WHAT IS NEEDED » Copy every line below precisely as it appears.

EXERCISE INPUTS »
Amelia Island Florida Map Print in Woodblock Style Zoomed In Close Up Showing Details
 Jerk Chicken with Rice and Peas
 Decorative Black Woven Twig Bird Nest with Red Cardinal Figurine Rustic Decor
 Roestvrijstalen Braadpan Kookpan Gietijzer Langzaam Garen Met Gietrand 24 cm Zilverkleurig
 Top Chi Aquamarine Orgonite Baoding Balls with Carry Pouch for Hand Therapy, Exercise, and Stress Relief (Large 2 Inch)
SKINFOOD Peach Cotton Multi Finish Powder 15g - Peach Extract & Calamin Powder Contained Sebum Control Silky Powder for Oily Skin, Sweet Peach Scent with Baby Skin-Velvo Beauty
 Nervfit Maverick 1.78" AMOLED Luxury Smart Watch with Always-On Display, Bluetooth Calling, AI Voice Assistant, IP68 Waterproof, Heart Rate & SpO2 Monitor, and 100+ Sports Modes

YOUR SOLUTION »
Amelia Island Florida Map Print in Woodblock Style Zoomed In Close Up Showing Details
 Jerk Chicken with Rice and Peas
 Decorative Black Woven Twig Bird Nest with Red Cardinal Figurine Rustic Decor
 Roestvrijstalen Braadpan Kookpan Gietijzer Langzaam Garen Met Gietrand 24 cm Zilverkleurig
 Top Chi Aquamarine Orgonite Baoding Balls with Carry Pouch for Hand Therapy, Exercise, and Stress Relief (Large 2 Inch)
SKINFOOD Peach Cotton Multi Finish Powder 15g - Peach Extract & Calamin Powder Contained Sebum Control Silky Powder for Oily Skin, Sweet Peach Scent with Baby Skin-Velvo Beauty
 Nervfit Maverick 1.78" AMOLED Luxury Smart Watch with Always-On Display, Bluetooth Calling, AI Voice Assistant, IP68 Waterproof, Heart Rate & SpO2 Monitor, and 100+ Sports Modes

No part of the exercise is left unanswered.